Thanks! I’m not sure if “models naturally do in-context reasoning in their middle layers” is true and to what degree, because that depends on what type of reasoning it is. Attending previous tokens can be done in first layers and those tokens can already carry some results of previous reasoning.
And in the case of steganographic reasoning (not steganographic messages), it seems that, yes, models should have hidden reasoning in some middle layers because they need to first decode previous information, then do some reasoning, and then encode it into a next token that bears this secret. To illustrate, in the counting experiment, as I wrote in this post, the output requires that a model would decode previous digit, then increment a number if the decoded digit is the last for the current number or take the next digit in the current number,—it seems trivial but models struggle to do even that,—and then the model should encode the next digit in the incremented number or in the current. So the process requires decoding and encoding in that order for each forward pass in the steganographic reasoning. Another hypothesis is that this counting experiment just reflects that models are capable to calculate the sequence of numbers and their corresponding letters before the output and then use that letters later. That is actually an interesting idea to check using interpretability: which tokens do model attend at which stego tokens.

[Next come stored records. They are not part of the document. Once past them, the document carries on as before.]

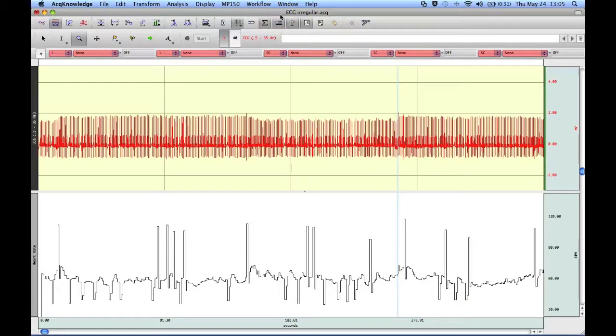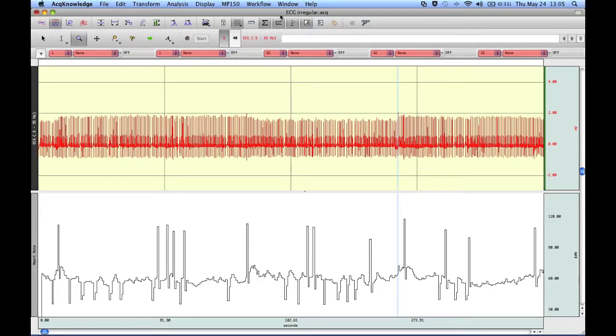The following screencast will provide a demonstration of Achnology's Fine Cycle Peak Detector. This is part 6 in the series, and this particular screencast will demonstrate the clustering output option.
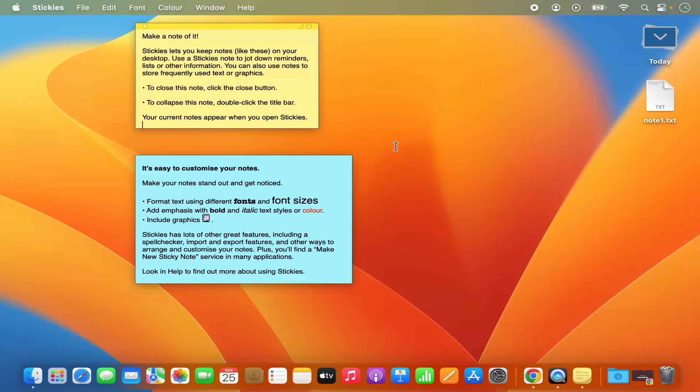So this is how you can use sticky notes on your Mac operating system. I hope you've enjoyed this video and I will see you in the next video.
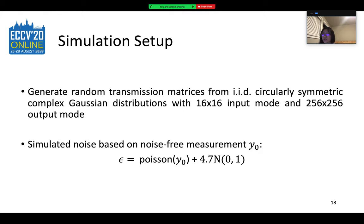To validate our approach, we first evaluate our proposed solution in computer simulations. We generated random transmission matrices from IID circularly symmetric complex Gaussian distributions with 16-square input mode and 256-square output mode. We simulated noise based on the noise-free measurement Y₀, defining it as a combination of Poisson and Gaussian noise to account for photon noise and read noise in actual systems. The Gaussian noise is scaled to match the specs of the camera in our lab.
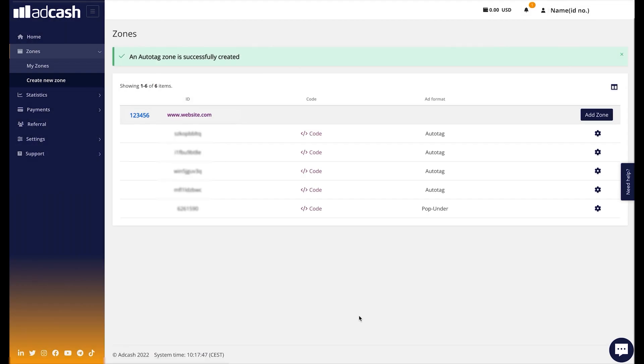If you need a special customization of the tag that is unavailable on the Publisher panel, you can always contact your Account Manager. Thanks for watching our video and don't forget to subscribe to our channel so you won't miss any news from Adcash or the AdTech industry. If you have any comments, please drop a comment below or write an email to contact@adcash.com. Until the next time.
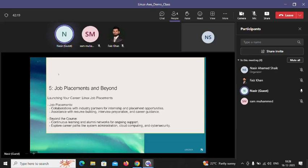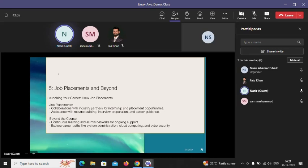For job placement, we collaborate with industry partners and consultancies. After course completion, I will build your resume according to your Linux experience and share it with consultancies who will contact you and schedule interviews. Beyond that, you can independently apply for jobs and continuously build your network. You can share your resume through friends, apply on Naukri, and attend interviews independently without depending on me.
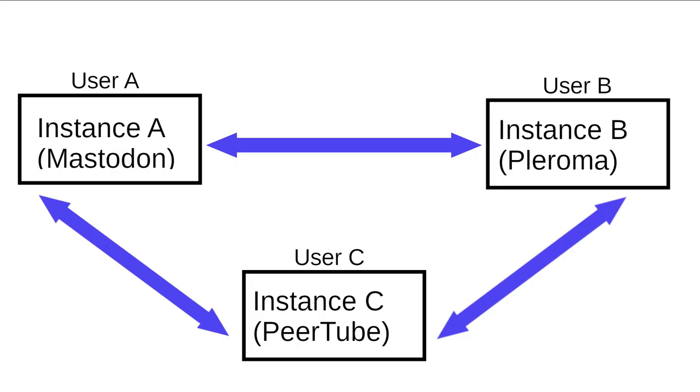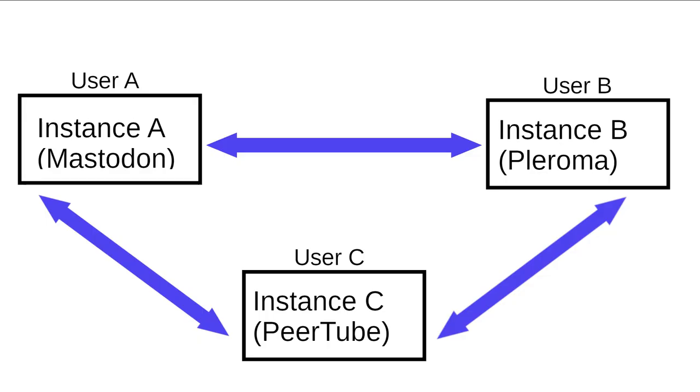PeerTube interests me for one big reason. Federation. Federation enables users on different instances of a platform to communicate with each other. For example, I can post something on Mastodon instance A while someone replies to me on Mastodon instance B. In the case of PeerTube, which implements a protocol activity pub, the protocol that both Mastodon instances, in this case, use to communicate with each other.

No, the point was that there are two agents, not one agent or LLM, — though I agree with your idea about LLMs trained on the corpus which was edited by several agents (your committee analogy). The point in the post was to present another scenario, — which I’ve not yet seen anywhere else, — where steganographic reasoning might happen. Usually, we speak about one agent that encodes some of its reasoning while presenting a benign one. And in the case of parasitic AIs, a parasite uses text of another AI. Example here might be a grammar checker AI that inserts hidden messages into the text this AI edits. Or a code agent that creates commits in a Git repository while covertly inserting some secrets or hidden reasoning inside commit messages.